O grande problema do segundo ano de Luke Cage é, contudo, familiar aos fãs das séries da Marvel na Netflix: o tamanho. A  temporada é pontuada por várias sequências longas e dispensáveis que parecem só estar ali para cumprir a minutagem. O sexto capítulo, “The Basement”, por exemplo, é uma sucessão eterna disso: começa com Misty em uma sessão de autocomiseração, passa por Shades (Theo Rossi) relembrando a vida na cadeia com Comanche (Thomas Q. Jones), continua com Piranha (Chaz Lamar Shepherd) desabafando sobre a vida para Luke Cage e segue nisso ao longo do capítulo. A série precisa balancear melhor seus momentos de descanso entre uma batalha e outra para que eles não sejam só passagens tediosas e sim partes tão interessantes ao público quanto ver Luke quebrando fuzis com as mãos.
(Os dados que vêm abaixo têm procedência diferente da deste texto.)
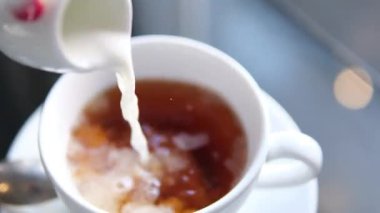 Siyah çay üst manzarasına süt dökmek. Taze demlenmiş yeşil çay seremonisi, sağlıklı bir sabah, arınma içeceği. Yüksek kalite 4k görüntü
Aliás, falando nisso, as lutas da temporada tem qualidade inconstante: enquanto momentos como o de Misty e Colleen dando um surra em um grupo de idiotas em um bar são ótimos, o confronto agendado entre Luke Cage e Bushmaster no alto de uma ponte é vergonho - Luke parece o Tropeço da Família Adams lutando e há momentos de embate que soam tão falsos que parecem saídos de um wrestling dos anos 1980. Isso, infelizmente, acontece ao longo de toda a temporada. Colter imprime muito mais realidade nos confrontos em que Luke, como é de se esperar, não demonstra dificuldade física em enfrentar seus inimigos do que quando precisa fazer o mínimo de esforço.

Sobre John Bushmaster, a novidade do segundo ano, o vilão começa não correspondendo expectativas, em seguida consegue conquistar seu lugar na trama e perde qualidade novamente na tentativa de redenção em seus momentos finais na temporada. A motivação original no conflito com Luke Cage, paralelo a sua história com Mariah, não é das melhores: logo no terceiro episódio, Bushmaster diz que Cage o irrita “simplesmente por existir”. A relação entre mocinho e vilão na temporada não tem background e se estabelece apenas como uma disputa territorial de poder aleatória. No caso da história dele com Mariah, há profundidade, mas a adição de seu passado como justificativa de seu presente chega perto de transformar a série em uma novela maniqueísta.

O enredo do segundo ano parece óbvio em um primeiro momento, mas, ainda bem, engana o espectador e segue por alguns caminhos inesperados. Durante parte da trama, parece lógico que Tilda seja parte da derrota de Bushmaster ou que Hernán supere Mariah no pódio de vilão da série, mas Luke Cage apresenta reviravoltas importantes. Ao fim dos 13 episódios, o Harlem não é a sombra do que era no começo da temporada e os lugares ocupados pelos personagens não soam minimamente forçados: todo fim é justificado pelos meios na série. Apesar de passar a temporada sendo eclipsado pelos coadjuvantes, Luke é quem termina a série na posição mais surpreendente e promissora: o herói chega ao ápice do poder no Harlem e certamente será interessante vê-lo descobrir que a linha de chegada que ele tanto almejava, longe de ser perfeita, era apenas o meio do caminho.